The Monastery is a old, rude stone building, some 500
years old, here
in the high mountains, surrounded by the crytal spires
of the
Himalaya, shimmering pearl in the sun. It now used
only
intermittently, on the full moon and other special
occasions. There
is a village of lodge that has grown up around it, a
tourist village
that is starved for life. "Less tourist, this year,"
everybody
says.

I met a charming couple of Australian doctors, great
company, and
together we conquered Kyanjin Ri, what WE called a
mountain, and here
it is known as a "Hill".

So, after a journey of almost two weeks up, we left
Kyanjin Village,
and tumbled down the valley, rumbling like the River
we followed,
fumbling down through the jungle, and then finally
crumbling into a
bed in Shayfru Besi, at the end of the trail,
returning from the
snows to the roads in one day, and my legs hurt for
two.

Now i'm in Pokhara via Kathmandu, did some business in
the city then
back up into the mountains, and i leave tomorrow to
head up to
Muktinath, and then to Marpha.

more later...

"Jahun Bistarai" (take it easy)

mark

To the Edge of Tibet

In the afternoon of the last day of February, the day
of the full
moon, we walked north from Briddim, a party of eight.
Kamal, Pema
Lama (miith-juu), Dorche Lama, myself, and then four
young men, one
of whom was going to Timure, the next village, to ask
for a woman's
hand in marriage.

We walked down out of the village into the jungle,
past a cascading
river, and up to the next chowk, set on the opposite
shoulder of the
mountain overlooking the village.

There are chowks set along trail in various places,
landmarks to mark
one's progress. They are usually marked by flapping
prayer flags,
and there are stone walls built by the side of the
trail, just high
enough for a weary porter to set down his burden, to
give his head
and feet a rest. This particular chowk is marked by
two stupas, one
rust-red, and the other gleaming white in the sun.

We sit for a while, and Dorche Lama is talking the
whole time,
chattering away in Tibetan language, gesticulating
with his hands,
entertaining our party. The men pass around a dirty
yellow plastic
bottle, each taking a couple of gulps of the clear
liquid. They pass
it to me, and i decline, thinking it is water (i have
my own water
bottle, with iodine), but they thrust it upon me,
saying "Khane!", so
i shrug my shoulders, and take a belt. The bottle
contains the local
rice wine, called rakshi (pronounced like "roxy" with
a bit of a
drunken twist).

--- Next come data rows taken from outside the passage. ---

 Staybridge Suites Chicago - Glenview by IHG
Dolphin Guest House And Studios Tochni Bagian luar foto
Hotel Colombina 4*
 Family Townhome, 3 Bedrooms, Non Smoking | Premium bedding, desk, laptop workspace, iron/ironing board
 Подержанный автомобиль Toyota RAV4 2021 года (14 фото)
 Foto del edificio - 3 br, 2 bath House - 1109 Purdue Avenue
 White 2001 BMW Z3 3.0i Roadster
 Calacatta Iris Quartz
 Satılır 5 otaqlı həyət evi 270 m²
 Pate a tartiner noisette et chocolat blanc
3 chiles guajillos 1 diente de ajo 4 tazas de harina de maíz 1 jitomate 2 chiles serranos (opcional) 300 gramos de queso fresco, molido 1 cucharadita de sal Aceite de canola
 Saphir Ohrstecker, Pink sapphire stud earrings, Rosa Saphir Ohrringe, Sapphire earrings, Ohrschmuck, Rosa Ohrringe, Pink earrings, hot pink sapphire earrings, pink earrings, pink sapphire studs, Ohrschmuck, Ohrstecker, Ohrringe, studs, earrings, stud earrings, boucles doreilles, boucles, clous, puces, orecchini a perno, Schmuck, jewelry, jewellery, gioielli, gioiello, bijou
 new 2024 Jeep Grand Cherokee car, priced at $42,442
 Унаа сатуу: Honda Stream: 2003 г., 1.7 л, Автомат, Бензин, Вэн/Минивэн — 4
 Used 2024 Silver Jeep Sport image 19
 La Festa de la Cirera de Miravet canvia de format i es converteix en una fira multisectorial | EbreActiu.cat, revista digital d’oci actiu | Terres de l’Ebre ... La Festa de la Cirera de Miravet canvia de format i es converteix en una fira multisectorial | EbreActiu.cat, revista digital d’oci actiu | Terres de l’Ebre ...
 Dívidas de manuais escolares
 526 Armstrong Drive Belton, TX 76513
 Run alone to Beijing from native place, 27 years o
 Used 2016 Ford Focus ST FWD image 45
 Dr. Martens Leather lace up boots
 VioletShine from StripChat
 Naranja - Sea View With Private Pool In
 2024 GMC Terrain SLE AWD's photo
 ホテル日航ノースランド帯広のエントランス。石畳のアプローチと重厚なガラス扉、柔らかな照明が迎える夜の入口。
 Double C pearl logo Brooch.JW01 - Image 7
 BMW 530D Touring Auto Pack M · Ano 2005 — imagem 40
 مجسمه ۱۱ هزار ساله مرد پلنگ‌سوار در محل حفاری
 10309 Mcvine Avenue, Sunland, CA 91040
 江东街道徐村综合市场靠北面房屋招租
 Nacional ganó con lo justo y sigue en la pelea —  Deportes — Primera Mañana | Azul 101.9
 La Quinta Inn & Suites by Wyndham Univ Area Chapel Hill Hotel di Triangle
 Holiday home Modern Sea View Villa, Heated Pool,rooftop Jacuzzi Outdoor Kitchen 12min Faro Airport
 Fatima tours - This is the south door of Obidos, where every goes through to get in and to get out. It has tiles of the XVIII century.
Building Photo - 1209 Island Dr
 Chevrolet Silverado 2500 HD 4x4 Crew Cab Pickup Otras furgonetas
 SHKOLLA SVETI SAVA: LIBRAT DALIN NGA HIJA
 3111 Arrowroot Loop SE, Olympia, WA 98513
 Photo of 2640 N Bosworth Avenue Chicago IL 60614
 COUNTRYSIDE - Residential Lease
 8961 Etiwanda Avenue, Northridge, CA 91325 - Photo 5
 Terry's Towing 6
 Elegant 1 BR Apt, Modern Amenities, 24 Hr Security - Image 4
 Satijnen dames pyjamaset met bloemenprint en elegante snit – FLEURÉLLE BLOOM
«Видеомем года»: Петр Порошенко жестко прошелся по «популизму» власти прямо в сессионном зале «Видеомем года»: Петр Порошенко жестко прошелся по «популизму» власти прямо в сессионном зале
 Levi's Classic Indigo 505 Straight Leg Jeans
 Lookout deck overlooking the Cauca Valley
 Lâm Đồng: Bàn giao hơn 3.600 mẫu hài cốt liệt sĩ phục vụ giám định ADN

It's strong stuff, more like liquor
than wine,
strong enough to make the walking and talking flow a
little easier.

They have a saying in the mountains, "Bistarai Jahun,"
or "Slowly-we
go." And so we went, taking it easy, walking and
talking, for a few
hours, stopping every now and again for a rest and
another belt off
the bottle.

Timure is another small Tibetan village, just 1/2
hour's walk from
the Nepal/China border, and as a result of this
proximity to the
communist country, it is a restricted area, and we had
been warned by
a Canadian traveler that we would get some trouble
from the police.
So we prepared ourselves.

As the sun fell behind the mountains, we arrived at
the edge of
Timure, and the men stopped to fill up the ceremonial
wooden carafes,
two with rakshi, one with cyang (fermented rice beer),
and then the
hopeful wedding party, decked with liquor and Khadars,
walked up
between the stone walls of the village, and Kamal and
i were left
behind to wrangle with the police.



to be cont'd....


mark

Langtang

It was wet and rainy as we left Kathmandu in the dark
of morning,
headed to the Langtang Mountains, on the Nepal/China
border. We
drove out of the valley and up into the mountains,
Hindi music
blaring ecstatically from the speakers of the rocking
bus, Nepalis
packed in elbow to elbow, and i the only white guy in
the crowd. We
ascended into the clouds, the road dwindling to what
might more
properly be called a "path". As the rain broke and
the clouds
parted, i caught glimpses of the valley, miles and
miles below, and
it felt more like we were flying than driving. Out
one side of the
bus, there was the mountainside, just 1 or 2 metres
from the window,
but from the other side, nothing was visible except a
gut-wrenching
drop that, if taken, would surely render the bus
unrecognizable, and
afford the ocupant's souls a quick trip into the next
plane of
existence, not a bad deal for Rs150. I began to see
why Nepalis live
so much in the moment, with a smile for every waking
day. This bus
ride affirmed the fact that i was alive: I started
alive and i
arrived alive. It was a good day.

I spent the last bit of the bus ride on the roof,
leaning on a sack
of melons, enjoying the dramatic scenery of the
Mountains as they
rose on every side of my, and the bus crawled along
the trail, far
above the roaring Langtang Khola down in the valley,
and then, after
11 hours on bus, we rode into Shaypru Besi, a small
coal-mining town,
the End of the Road, gateway into the mountains.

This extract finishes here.